Reputation: 1676
Given the following example data:
mysql> select * from test2;
+-------+--------+
| name | status |
+-------+--------+
| bob | 0 |
| jim | 2 |
| karen | 5 |
| jane | 1 |
| roy | 7 |
+-------+--------+
I want to come up with a query which will split out the value of the status column into a pseudo-boolean value column for each individual bit of the integer.
What I do now is to have the application generate a query that uses a case statement and bitwise and operator for each column to get the result, like so:
mysql> select
-> name,
-> (case when (status & 1) then 'yes' else 'no' end) as bit1,
-> (case when (status & 2) then 'yes' else 'no' end) as bit2,
-> (case when (status & 4) then 'yes' else 'no' end) as bit4,
-> (case when (status & 8) then 'yes' else 'no' end) as bit8
-> from test2;
+-------+------+------+------+------+
| name | bit1 | bit2 | bit4 | bit8 |
+-------+------+------+------+------+
| bob | no | no | no | no |
| jim | no | yes | no | no |
| karen | yes | no | yes | no |
| jane | yes | no | no | no |
| roy | yes | yes | yes | no |
+-------+------+------+------+------+
5 rows in set (0.00 sec)
Now this works, and does so efficiently since there are no sub queries or joins, but it's not very elegant.

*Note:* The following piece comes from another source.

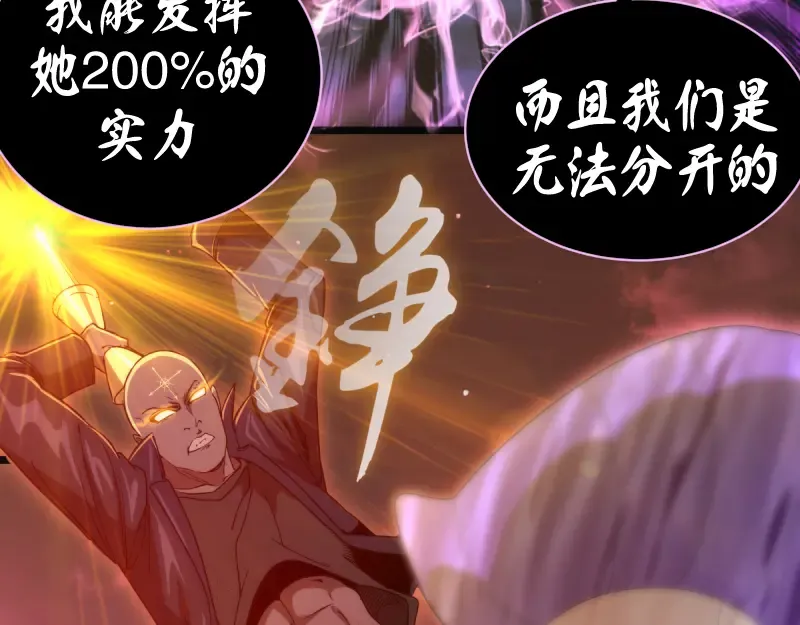 第137话 谁是老大？ 第89页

I would like a more elegant solution to do this dynamically without having to create a case statement and test for every bit.
This is example data with only a few bits, but in the implementation proper, there will be tens of thousands of rows, and many more bits that can be set.
Bonus:
Base the generation of the columns (column name and test) off of a table containing the definition of each bit like the following:
mysql> select * from bit_spec;
+-----+------+
| bit | desc |
+-----+------+
| 1 | bit1 |
| 2 | bit2 |
| 4 | bit3 |
| 8 | bit4 |
+-----+------+
Currently, the application handles this, and it's not a hard requirement that this processing be done by the MySQL server instead, but it would be advantageous if it was.

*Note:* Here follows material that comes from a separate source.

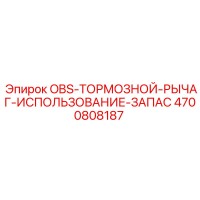 4700808187 OBS-ТОРМОЗНОЙ-РЫЧАГ-ИСПОЛЬЗОВАНИЕ-ЗАПАС Epiroc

Here's the SQL Fiddle containing the example data, example bit definition table, and my current solution.
Upvotes: 2
Views: 2385
Reputation: 32402
This can be achieved by retrieving each user/bit/value combination into rows and then pivoting those rows into columns.
select
name,
`desc`,
((status & bit) > 0) value
from test2, bit_spec
The query above produces results in the following format
name | desc | value
bob | bit1 | 0
bob | bit2 | 0
From here we can pivot the results into the desired format where each desc
/value
pair is converted into a column named desc
with value value
.
Using the following post https://stackoverflow.com/a/12005676/3574819
SET @sql = NULL;
SELECT
GROUP_CONCAT(DISTINCT
CONCAT(
'SUM(case when `desc` = ''',
`desc`,
''' then value end) AS ',
replace(`desc`, ' ', '')
)
) INTO @sql
from bit_spec;
SET @sql = CONCAT('SELECT t1.name, ', @sql, ' from
(select
name,
`desc`,
((status & bit) > 0) value
from test2, bit_spec) t1
group by t1.name
order by t1.name');
PREPARE stmt FROM @sql;
EXECUTE stmt;
DEALLOCATE PREPARE stmt;
http://sqlfiddle.com/#!2/5f6d0/22
NAME BIT1 BIT2 BIT3 BIT4
bob 0 0 0 0
jane 1 0 0 0
jim 0 1 0 0
karen 1 0 1 0
roy 1 1 1 0
Sidenote
If you need to search by permission (i.e. show all users that have bit1 & bit2 but not bit3) then I don't recommend storing your permissions as bits in a single integer because the db can't index the results. In that case an indexed join table consisting of columns (user_id, permission_id) would yield faster results.